И вдруг с удивлением заметил я, что у профессора дрогнула нижняя челюсть, глаза его потеряли свой обычный стальной оттенок и заголубели небесным цветом.
— Вы ошибаетесь, — сказал он. — Вас очень и очень жалеют.
— Кто же? — спросил Шмербиус, и кривая улыбка появилась на его губах. — Уж не вы ли?
— Я, — с удивительной простотой и мягкостью сказал Зворыка.
Нежность и теплота мелькнули в глазах у Шмербиуса. Он был удивлен и растроган. С ним еще никто никогда так не говорил. Слезинка выкатилась из-под века и остановилась на кончике изогнутого покрасневшего носа.
— Бедный вы, бедный, — продолжал профессор. — О, если бы я знал раньше, что вы такой одинокий, забитый и всеми покинутый.
Но лицо Шмербиуса передернулось. Он с ненавистью взглянул на профессора. Как все злые и хитрые люди, он не верил в доброту других. Ему стало стыдно своей минутной слабости. Да как он смеет, этот пузатый, жалеть его, Шмербиуса, держащего в своих руках судьбу мира!

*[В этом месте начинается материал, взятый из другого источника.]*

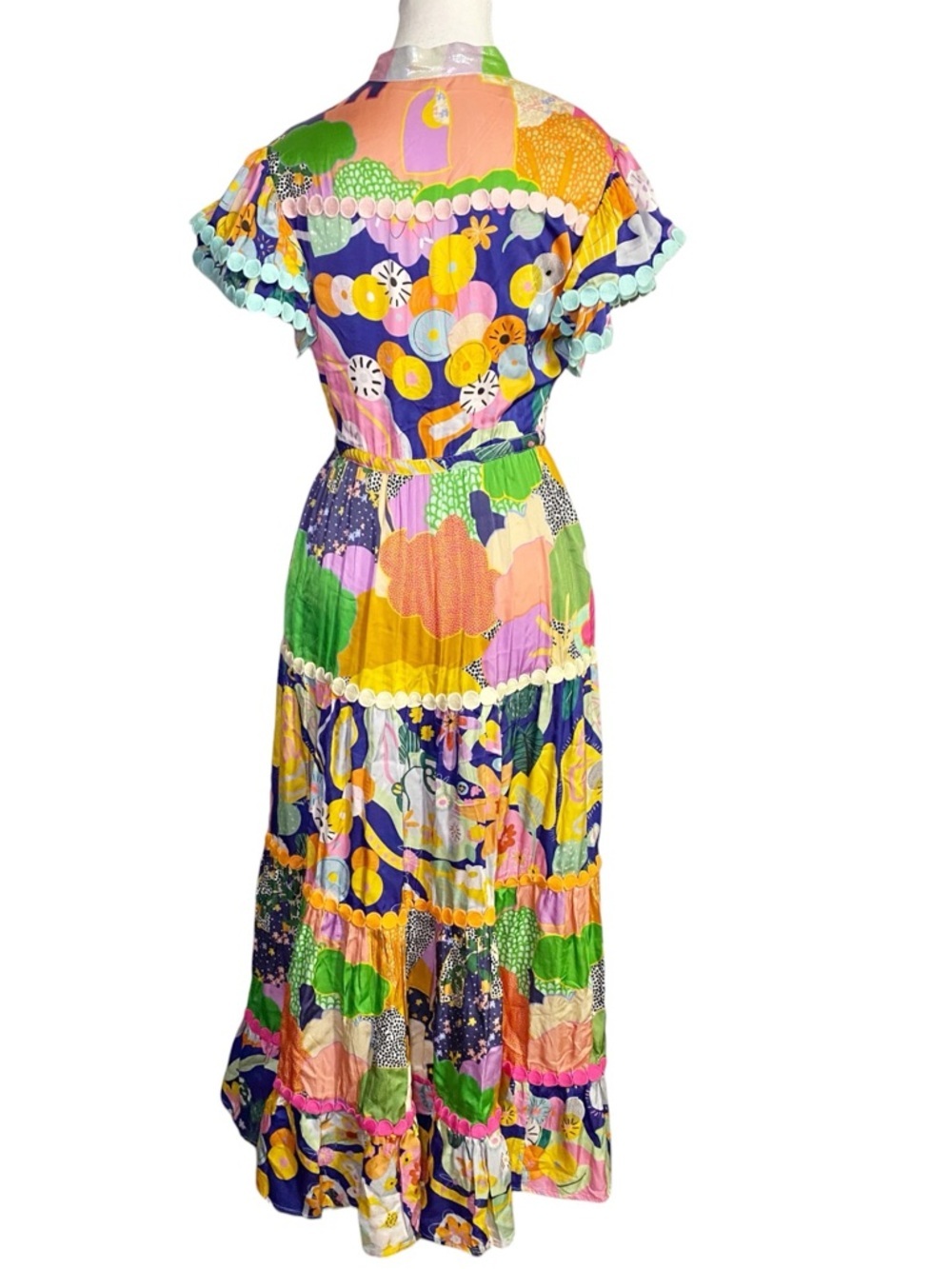 Celia B Vibrant Abstract Print Tiered
Button Down Maxi Dress - Scallop Trim - Picture 2 of 16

— Послушайте, вы, иоркширский философ! — взвизгнул он. — Это хорошее пищеварение сделало вас таким жалостливым. Сантиментами вы от меня ничего не добьетесь. Я не мальчишка, чтобы менять раз принятые решения. Впрочем, не беспокойтесь: конца мира вы не увидите. Вы умрете раньше. Я пришел вам сообщить, что его величество император Мантухассар милостиво приказал посадить вашу голову на кол. Через десять минут придет Каракузо — палач. Прощайте!
Он стремительно повернулся. Серебряная слезинка сорвалась с его носа и упала на пол. Стукнула дверь, щелкнул замок, и он исчез.

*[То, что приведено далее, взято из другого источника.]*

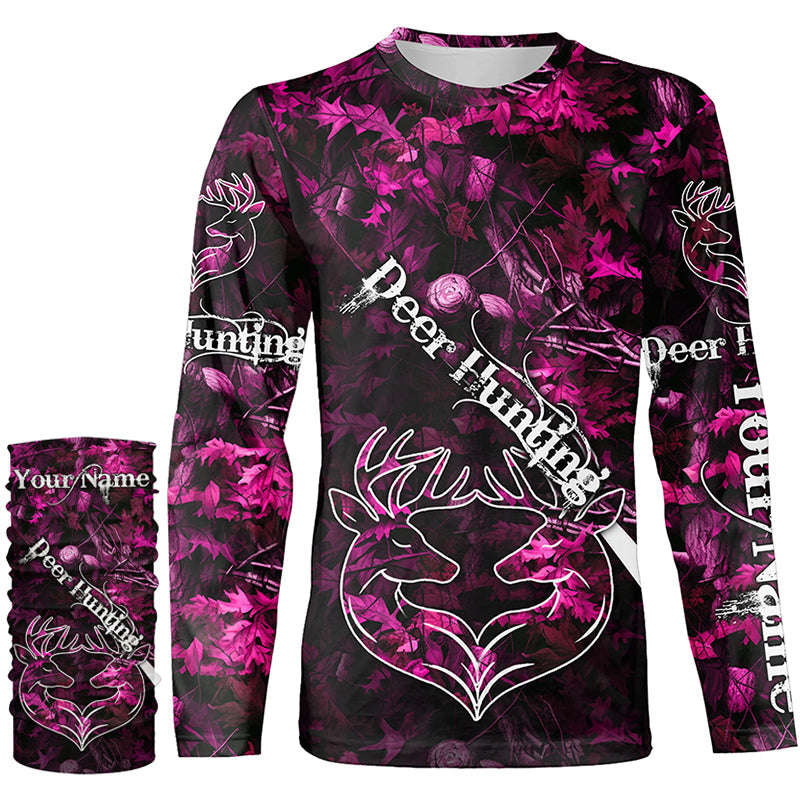 Love Deer Hunting Pink Camo Customize Name 3D All Over Printed Shirts Personalized Hunting gifts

— Какой чудак, — пробормотал профессор, — а ведь, мне его действительно жалко.
ГЛАВА ВОСЕМНАДЦАТАЯ.
Бой у тюремных дверей.
Через десять минут придет палач. Нам осталось только десять минут. Наконец, наступил тот миг, когда мы можем считать наше дело окончательно и бесповоротно проигранным!
— Что это за шум? — спросил меня профессор, прислушиваясь.

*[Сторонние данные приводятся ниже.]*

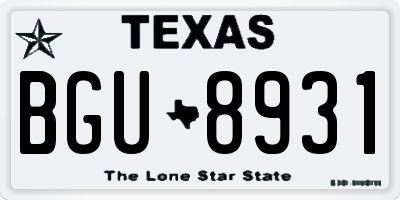 TX license plate BGU8931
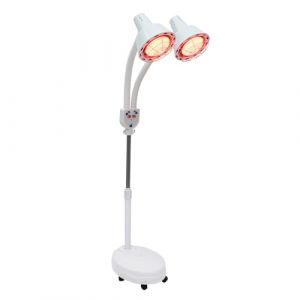 Lampe infrarouge 275 W 220 V - Lampe thérapeutique à double tête avec abat-jour double couche avec protection anti-brûlure et roues - Lampe à lumière rouge - Lampe chauffante pour la maison, le (SRRFDSS, neuf)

— Мне кажется, — ответил я, — что это шумит какой-то водопад.
— Нет, — сказал профессор, — едва ли. Это шумит толпа.
Даже гранитные стены и чугунные двери нашей тюрьмы не могли заглушить далекий рев. Неужели это собрались любопытные, желающие поглазеть на нашу казнь? Мороз пробежал у меня по коже. Профессор вслух отсчитывал минуты: пять, шесть, семь, восемь.
В начале девятой за дверью послышались шаги. Они медленно приближались. Мы затаили дыхание.
Неужели у палача может быть такая легкая походка? Шлеп-шлеп-шлеп — шлепают босые ножки по каменным плитам. Уж не десятилетнего ли мальчика прислал Шмербиус казнить нас?
Щелкнул замок, дверь отворилась, и в нашу камеру вошла женщина. Лицо ее было закрыто волосами, видны были только сияющие глаза, тревожно бегающие по сторонам.
— Тьяузи хуакай, — прошептала она и вдруг упала перед профессором на колени, обхватила его толстые ноги и стала целовать грязные тупоносые башмаки.
Профессор был ужасно смущен. Его лицо и шея залились краской, и даже уши мучительно запылали.